Roughly two billion years ago, one single-celled organism ended up living permanently inside another. The descendants of that arrangement now power nearly every plant and animal on Earth.
One of the most consequential events in the history of life on Earth may have begun as something like a failed meal. Somewhere between 1.5 and 2 billion years ago, one single-celled organism engulfed another. The intended meal survived. The two cells settled into an arrangement that proved more useful than digestion, and the bacterium that almost became food became, over the next several hundred million years, the mitochondrion: the energy-producing organelle that now sits inside nearly every cell of nearly every plant, animal, fungus, and protist on Earth.
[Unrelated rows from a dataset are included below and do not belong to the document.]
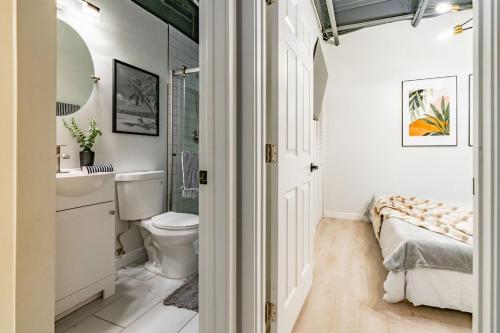 une salle de bain avec un lavabo et des toilettes et un lavabo dans l'établissement Gorgeous Villa Steps to La Jolla Cove, à San Diego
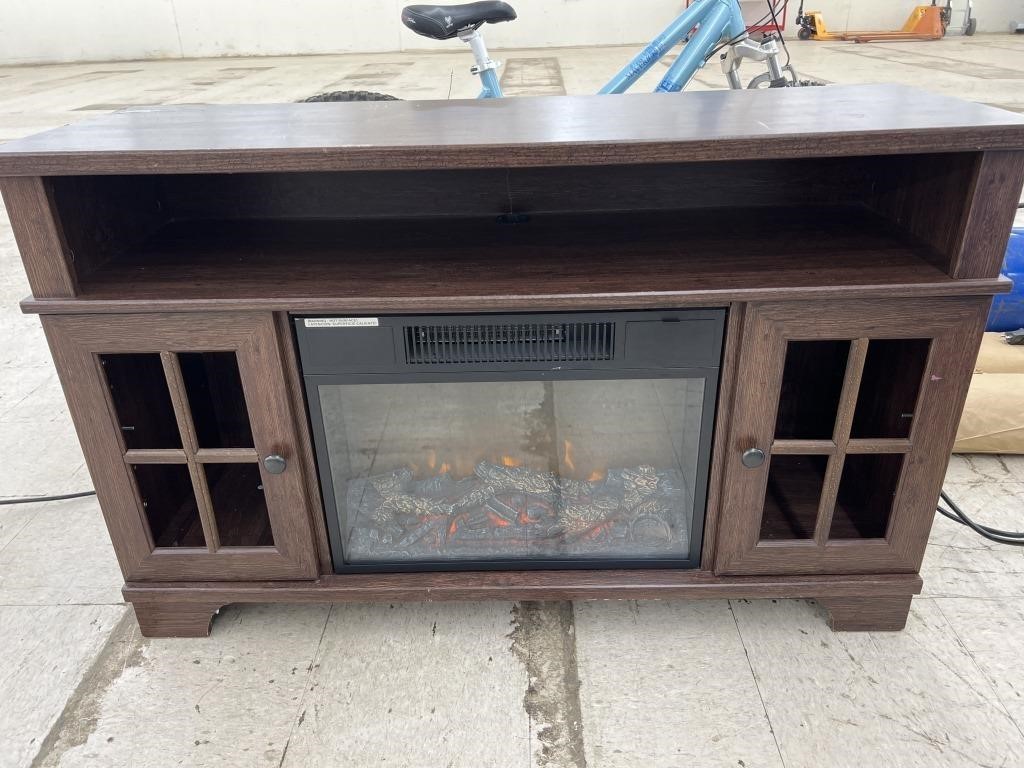 Electric Fireplace TV Stand (powers on)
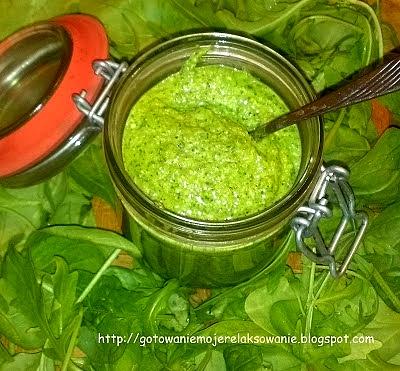 Pesto rukolowo-szpinakowe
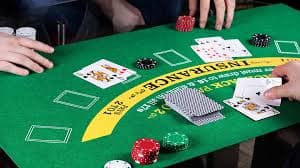 Tampilan permainan slot Galactic Gems dengan tema galaksi dan simbol bersinar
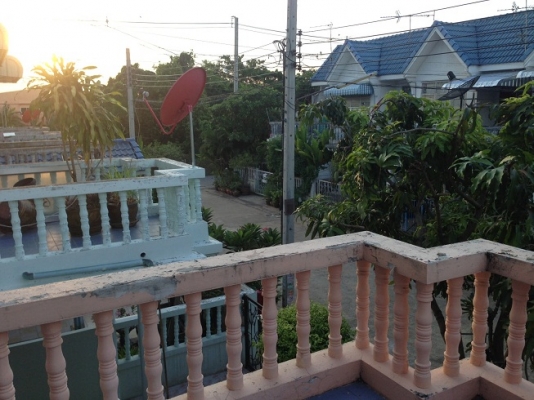 !!!!๑88*_ขาย บ้านทาวน์เฮ้าส์ 2 ชั้น 3 ห้องนอน สะอาด ไม่เปลี่ยวเลย เพื่อนบ้านน่ารักจริงๆไม่สัพเพเหระ โจรขโมยระแวกนี้ไม่เคยมี (เจ้าของขายเอง)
This is the endosymbiotic theory of mitochondrial origin. It is one of the most thoroughly supported propositions in evolutionary biology. The specific details, including exactly when the merger happened and exactly which bacterial lineage was involved, are still actively debated. The general account is not.
What the evidence looks like
Mitochondria carry their own DNA, separate from the DNA in the cell’s nucleus. In humans, this mitochondrial genome is small, around 16,500 base pairs encoding 37 genes. It is organised as a single circular molecule, structurally closer to a bacterial chromosome than to anything in the rest of the eukaryotic cell. The mitochondrion replicates this DNA on its own schedule, partitions copies between daughter mitochondria, and uses its own machinery, its own ribosomes, its own transfer RNAs, to translate the genes its DNA still carries.
Mitochondria also divide by splitting in two, the way bacteria reproduce. They are bounded by two membranes rather than one. The inner membrane, in chemical composition, more closely resembles a bacterial cell membrane than a eukaryotic one. Their ribosomes are bacterial in size and structure. That bacterial resemblance is one reason some antibiotics that target bacterial ribosomes, including tetracycline and chloramphenicol, can also interfere with mitochondrial protein synthesis.
A 2015 phylogenomic study in Nature’s Scientific Reports sums up the consensus position: mitochondria evolved only once, from bacteria living within their host cells, probably around two billion years ago, and the bacterial ancestor sat within the alphaproteobacteria, a diverse group of modern free-living and parasitic bacteria. Beyond that, the picture gets contested.
What is still being argued about
Pinpointing the exact alphaproteobacterial lineage closest to the mitochondrial ancestor is, on the same Scientific Reports paper, “highly debated.” Some analyses place mitochondria close to the order Rickettsiales, which today includes obligate intracellular parasites such as Rickettsia. A 2018 PNAS study argued that mitochondria branched off from a proteobacterial lineage before the divergence of all currently sampled alphaproteobacteria, which would mean the closest living relative may not be in any group we have yet sequenced.
The timing is also a range, not a single number. Most current estimates fall between roughly 1.5 and 2 billion years ago. The earliest unambiguous fossils of eukaryotic cells, which by definition would already contain mitochondria, are around 1.6 billion years old, so the merger has to have happened before that. The exact upper bound is open.